栗野的視点(Kurino's viewpoint)

中小企業の活性化をテーマに講演・取材・執筆を続けている栗野 良の経営・流通・社会・ベンチャー評論。

なぜ行政の当初予測は狂うのか。

2008-02-03 18:27:15 | 視点
福岡市営地下鉄七隈線 3日開業3年、苦戦続く 沿線人口伸び遅く バスとの接続も不十分(西日本新聞) - goo ニュース
 福岡市の市営地下鉄七隈線が開業3年を迎えたにもかかわらず当初予測の半分程度にとどまっているという。
 市営地下鉄の例に限らず、およそ全国の自治体で行政が計画したハード整備が、予測以上とまではいわなくてもせめて予測通りに行ったという例はないのではないだろうか。

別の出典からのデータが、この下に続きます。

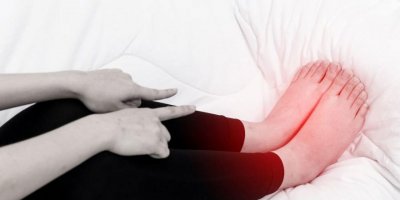 Ödem nasıl geçer?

 なぜ、地方自治体が手がける計画は事業は当初予測通りに行かないのか。
その理由はいくつかある。
1.まず、計画の立て方が非常に甘い。
 甘くなる理由は明らかだ。
彼らは公務員であり、誰一人自分の金で事業をやるわけではなく他人の金(実は税金なのだが)で事業をやるわけだから、端から甘くなる。
もし民間と同じように会社組織でやるなら--但しその場合でも事業をやる人達は株主としてなにがしかの資金を提供することが条件だが--事業計画は非常にシビアになるはずである。
 それを失敗しても自分の懐が一切痛まないから計画が甘くなるのだ。
もっといえば、自分のポストを含め、何らかの甘い汁がそこで吸えるから(吸っているから)にほかならない。

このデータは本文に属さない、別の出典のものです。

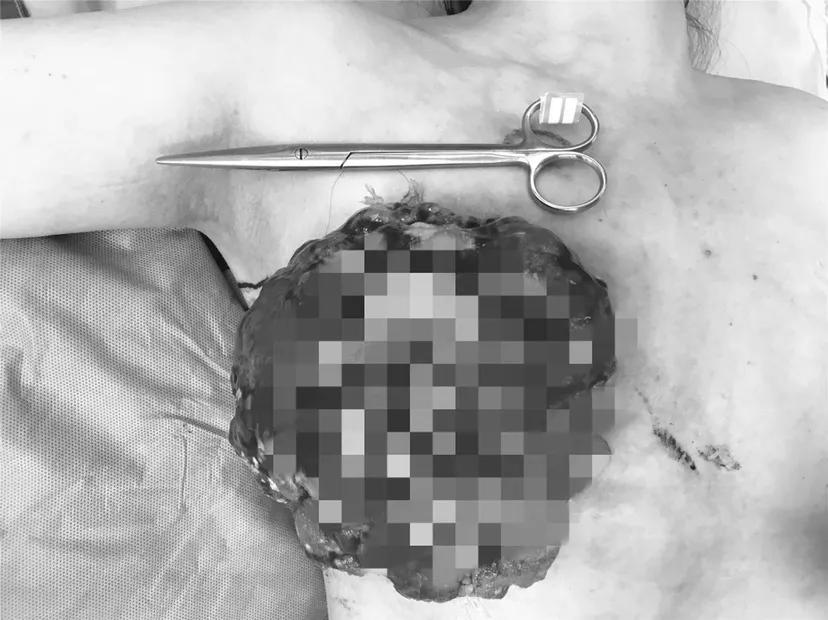 老人乳房外面长菜花瘤,女性右侧颈部长蚕豆大小硬块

2.ほとんどの計画がバブル期に立てられたものだから。
 今回の福岡市の市営地下鉄の例でもそうだが、実態が当初計画と大きく外れているものはバブル期に計画され、その後抜本的な見直し・修正がなされずに実施されているものが大半のはずだ。
 地下鉄七隈線などはその最たるものだろう。「乗客数が伸びない背景には、沿線開発による人口増が予想を下回り」などというのは、それこそ当初から分かっていたことで、言い訳にしてももう少しましな言い訳を言ってもらいたいものだ。
 この言葉が市関係者から出たものではなく、もし新聞社が書いたものだとすれば西日本新聞社ももう少しきちんとした分析記事を書くべきだろう。

3.事前の調査報告書がいい加減。
 どのような計画も一応民間の調査会社・研究所に事前予測調査報告書を依頼する。
そしてそこから出てきた調査内容を元に計画を進めるという体裁を形状はとっている。
 しかし、実際には調査を依頼された会社が依頼主の意に沿わない方向の報告書を出すことは少ない。せいぜい多少の疑問を呈する程度で基本線は皆認めた上で報告書を作成するのである。
なぜなら彼らの多くは行政でメシを食っているからであり、今後のメシの種をなくすような無謀なことは絶対にしない。
 かくして行政が関知する事業計画はバラ色に染まり、後で苦しむのは市民ということになる。

4.一度進み出した事業は絶対中止しない。
 行政というのはどんなに採算が取れないと分かっても、やり出すと途中では絶対中止しない。
その代わりに続ける言い訳を出してくる。
例えば今度の場合でも「博多駅に接続されていないから利用者数が伸びない」という。
となれば、次に博多駅までの延伸工事をしようということになり、また余分な金を使う。
延伸した場合に本当に見込み通りに利用者数が伸びるのかどうかということについてはきちんと調査もしないし、誰もそのことに真っ正面から言及しようとはしない。

 まさにムダな事業の連鎖が延々と続くわけだ。